Шолохов не был доволен первоначальным замыслом романа еще и потому, что в основе «Донщины» лежал принцип историко-хроникального описания событий и фактов в их последовательно-временной и причинной связи. Писатель искал художественно мотивированного сочетания исторически осознанного времени с раскрытием крупного характера, большой человеческой судьбы, ставшей не только в центре развертывающихся исторических событий, но и творящей историю. Через такой характер только и возможно было передать самое эпоху. Так складывались творческие принципы Шолохова как художника, особенности историзма «Тихого Дона» как эпического повествования.

Писатель не раб исторических фактов, он их хозяин. Художественный вымысел, опираясь на факты истории, синтетически выражает и «общественный тип» исторического времени, философию эпохи и сущность связанной с ней личности, «тип человека», творящего историю.

Без чувства историзма художник-реалист немыслим. Чувство такого историзма обогащает художника, художественная правда в его произведении оказывается в прочном сплаве с правдой исторической. У Шолохова этот сплав выражается во всех компонентах эпического полотна, в самих принципах изображения жизни, ее социальной ломки и динамики развития.

Такой историзм художественного мышления, опиравшийся на толстовский опыт и развивавший его традиции, одним из первых в советской литературе утвердил автор «Тихого Дона».

2

Начинается «Тихий Дон» с глубинного постижения народной жизни на ее великом переломе.
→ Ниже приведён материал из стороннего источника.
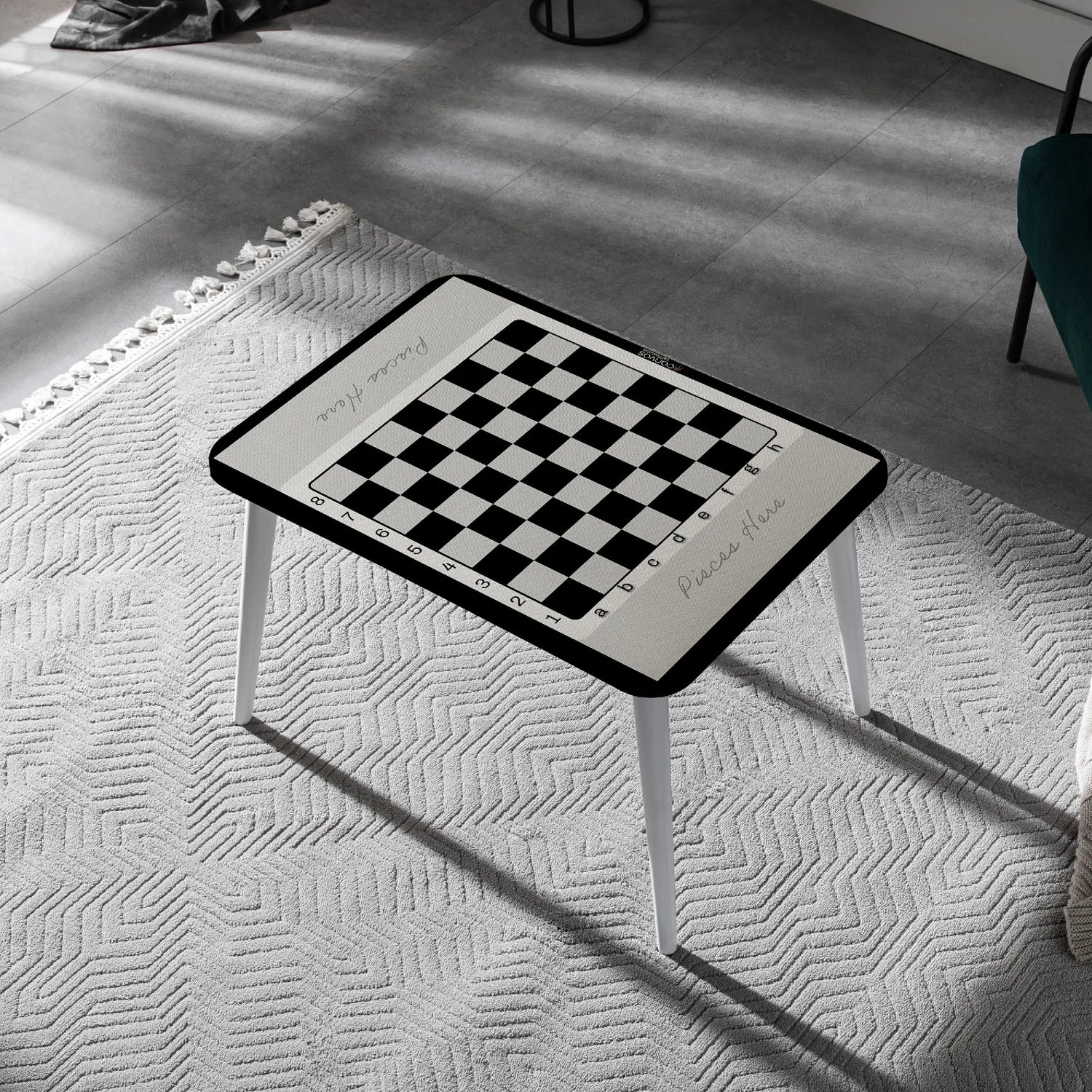 The Quiet Board – Minimal Chess, Maximum Focus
После ухода Григория в армию «обычным, нерушимым порядком шла в хуторе жизнь» (2, 239). Но этот «нерушимый порядок» дал основательные трещины и словно бы замер перед новой грозой. Шолоховские герои с тревогой ожидают надвигающихся перемен, тревога – в самом строе авторской речи.

‘ Резкими, экспрессивными мазками рисует писатель наступление войны как народного бедствия. Он дает в этой массовой сцене высказаться многим людям – и война предстает в народном восприятии, в стихии чувств, переживаний, оценок народа.

История врывается в повествование широко и свободно, во всех ее реалиях. Эпически-динамично развернутые картины вступления России в мировую войну завершаются эмоциональной авторской оценкой, в которой тревожно звучит голос самого писателя:

«Война…

В приклетях у кормушек – конский сап и смачный запах навоза. В вагонах – те же разговоры, песни… На станциях – любопытствующе-благоговейные взгляды, щупающие казачий лампас на шароварах; лица, еще не смывшие рабочего густого загара.

Война!..

Газеты, захлебывающиеся воем…» (2, 262 – 263).

Герои Шолохова оказываются в различных полках, разбросанных по разным участкам фронтов, что дает возможность писателю широко охватить начало боевых действий, детали которых поражают своей достоверностью. Введя своих героев в первые бои, писатель и в дальнейшем прибегает к историко-хроникальным описаниям.

Эти описания с точным перечислением соединений и частей – не что иное, как хорошо прочитанная карта боевых действий на конкретном участке фронта4.

Шолохов указывал, что «кропотливое изучение специально военной литературы, разборки военных операций» 5 позволяли ему описывать боевые действия отдельных частей и соединений, в которых участвовали его герои, давать дислокацию войск и т. п.

Изучение оперативных карт, стратегических описаний начала первой мировой войны и ее развертывания убеждает в том, как тщательно и кропотливо анализировал писатель эти документы. Однако от прямого заимствования писатель уклонялся. Он давал свою характеристику изображаемым военным событиям, свой анализ военной ситуации, свои оценки отдельных боевых операций и, как правило, едко обличал бездарность командования.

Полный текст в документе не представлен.